PEOPLE's Music Critic: Why We're Upset About Beyoncé's Lip-Synching Drama
Some things are sacred – and singing the national anthem at the presidential inauguration is one of them
Did she lip-synch or didn’t she?
A spokesperson for the U.S. Marine Band, which backed the pop diva at the ceremony, said Tuesday that Mrs. Jay-Z decided to use a previously recorded vocal track before delivering the national anthem, but later on another spokesperson, this one for the Pentagon, said there was no way of knowing whether the 16-time Grammy winner was guilty of lip-synching or not.
Should it matter? Let’s remember that Whitney Houston, in what is widely considered one of the best renditions of “The Star-Spangled Banner” of all time, didn’t sing it live either at the 1991 Super Bowl.
There are all sorts of technical reasons why it can be challenging to perform a song as difficult as this on such a large scale, and there are many extenuating circumstances that could have played a role in any decision to lip-synch. Certainly no one is questioning whether Beyoncé – who, in removing her earpiece midway through, may have been experiencing audio problems – has the chops to sing it.
Lip-synching – or at least singing over pre-recorded vocal tracks – has long been acceptable for dance-driven artists like Madonna, Janet Jackson and Britney Spears, whose emphasis on intense, intricate choreography makes it hard to execute the moves fans have come to expect while also singing live.
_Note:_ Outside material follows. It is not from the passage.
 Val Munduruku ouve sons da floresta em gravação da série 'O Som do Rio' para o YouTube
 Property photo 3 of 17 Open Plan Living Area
Huffing and puffing into the microphone or barely projecting for the sake of keeping it real just isn’t gonna cut it. Of course, there have been other instances – such as Ashlee Simpson‘s 2004 Saturday Night Live debacle – where faking it crossed the line.
Surely there wouldn’t be the same controversy about Beyoncé had she been hoofing across the stage performing “Single Ladies (Put a Ring on It)” on one of her tour stops. But this was the presidential inauguration, the national anthem, and there was no choreography involved.
Some things have to remain sacred, and for “the land of the free and the home of the brave,” this was one of them.